Though the women of Waverly and the Extended Family all speak of wanting to get fathers more involved with their children, it is clear that this is only a pipe dream. Some years ago, Sharon McBlain recalls, Adrien, a 16-year-old Waverly boy she was driving to the Unitarian Society, wondered out loud, "Why is it that women are so much better than men?" Startled, McBlain asked him what he meant. "At least the women stay with their kids." Yet Adrien's insight was not enough to save him. Within a few years, he fell in with local drug dealers. McBlain says that when he sees her now, he merely hangs his head, proof that though she had reached him, it was not deeply enough.


Responding to hopeless stories like these, Aird has concluded that the best thing she can do for these boys is to find ways of getting them out of the neighborhood altogether to places like Piney Woods, where they will not have to struggle to resist the seductions of the street. And luckily, the first boy she has in mind, Durrell, 14 and showing all the moody signs of getting sucked in by the street, appears receptive. "There's nothing for me here," he told Aird in response to her plan. "I'll go to summer school—whatever it takes."


Still, despite the hopeful signs, for now the lessons of the Waverly Extended Family can only be modest ones.
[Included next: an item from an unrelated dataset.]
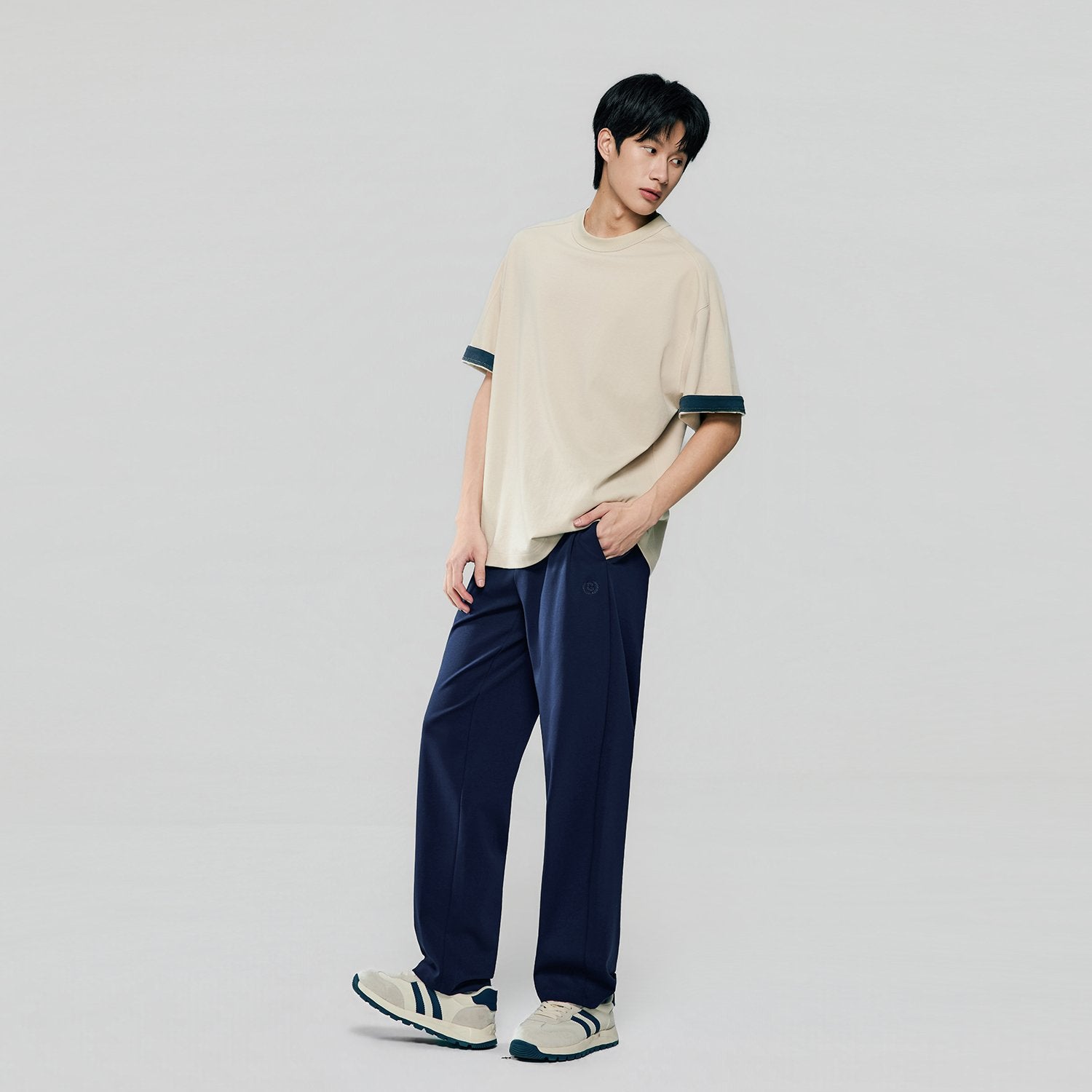 Men's Mid Rise Regular Straight Jogger - Image 1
Small-scale and friendly, Waverly's architecture easily invites the sort of human connection that voluntary civic and religious organizations promote, but this is not the case in many urban neighborhoods and housing projects. More troubling, the boys of Waverly suggest that, however dedicated and vibrant, civil associations like the Extended Family may not be able to compensate for the attenuation of the two-parent family. For civil society ultimately depends on strong families to socialize the next generation and to create the qualities of character necessary for its own continued flourishing: two-parent families are civil society's fundamental building block. How much schools and voluntary organizations can do these things on their own without the support of intact families remains to be seen.